Airlied continues his work on randr12 slowly due to other obligations. His branch is probably mostly broken for everything except his setup. But as he is concetrating on both PPC and x86 both architecture should be equally broken. It seems as if it will be necessary to parse some Bios tables to gain all necessary data to make this work. For now parsing the table on NV4x works (earlier cards probably don't have this table), but darktama broke the drm binary compability, thus a new merge with the master branch is needed. But currently Airlied is working to get TTM and the Intel drivers into shape.
jb17some continue his search to find out, why the objects in instance ram are sometimes not found on G70 and above. He has a much better understanding of why the crashes occur and where the context instance mem is stored. It looks like G70 and up cards only store the instancemem in the frame buffer and not the 16mb pci region 0. This theory was verified against reality on his 7900gs (by dumping the pci region 0 + frame buffer), comparing this results against some dumps from the dump repository.

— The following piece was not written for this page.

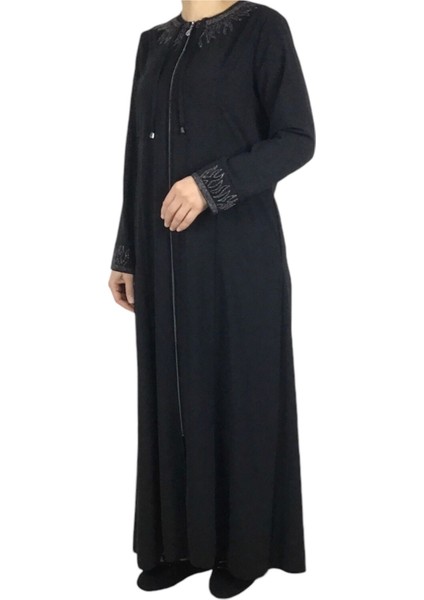 Kadın Yaka ve Kol Işlemeli Önü Fermuarlı Kulplu Ince Büyük Beden Ferace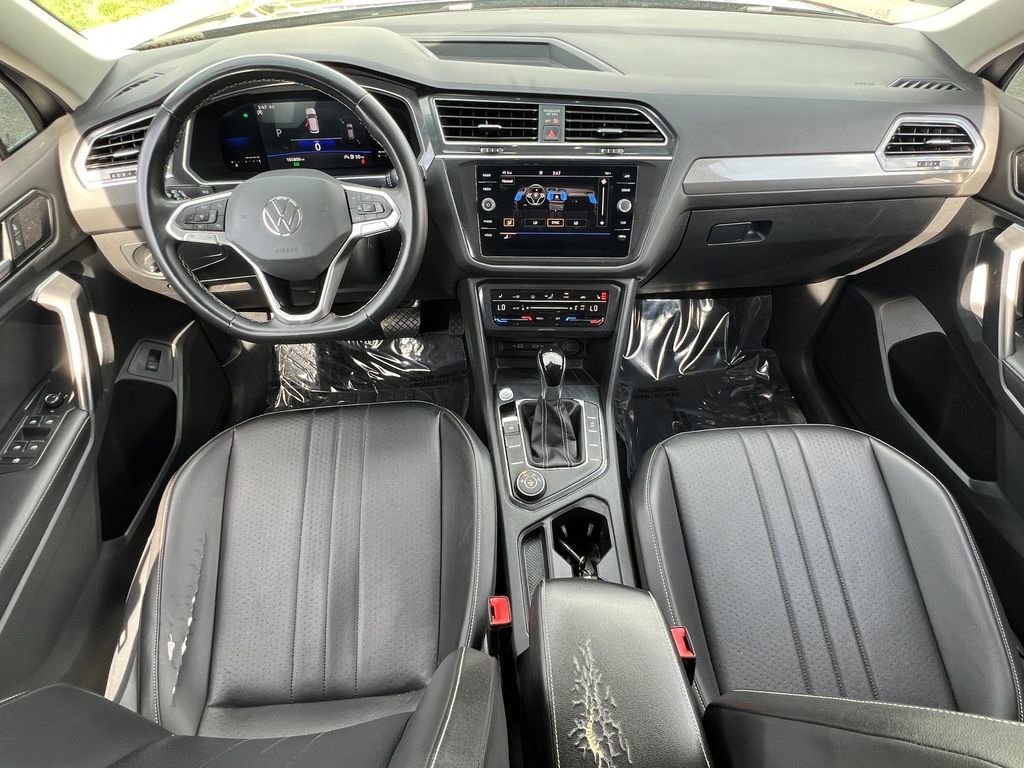 Used 2022 Volkswagen Tiguan SE AWD/4WD image 17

Further test on a 6150 seem to support the theorie that this is true for all cards >= NV4x which are using shared memory.
KoalaBR published the script to automatically download, compile and run renouveau including creating a fitting archive from the output. You can find a link to it on the REnouveau Wiki page and currently here: http://www.ping.de/sites/koala/script/createdump.sh
And before we ask you again for your help, here we have a basket of easter eggs (well, no real eggs, but we hope you like them nevertheless)
- Marcheu fixed context switching on NV04. Glxgears still doesn't work as some bugfixes for the 3d setup are still missing.
- Julienr and Marcheu fixed the crashes on Quadro FX 350M (PCIE) (see bug #10404 on Bugzilla). If you see crashes with Go7300/7400 or similar chips, you should retest and give us feedback.
- Context switching seems to work on all cards now, but not all cards can run glxgears yet. On some cards, certain 3d commands in DMA or FIFO hangs. The reason for that is currently under investigation.
3. Help needed
We are interested in SLI dumps and dumps for Go7300/7400 (and please set the Topic line of your email to hint at the fact that this is an SLI dump). G80 owner willing to test patches would be very welcome too.
And yes, MmioTrace dumps would be very welcome too.
Go7300/7400 owner should test whether nouveau (2d) works for them.
So, that was the Easter edition of the TiNDC. About 3 days of work, covering 3 weeks of development, read in about (a guess) 3 minutes? Never mind I hope you enjoyed reading it.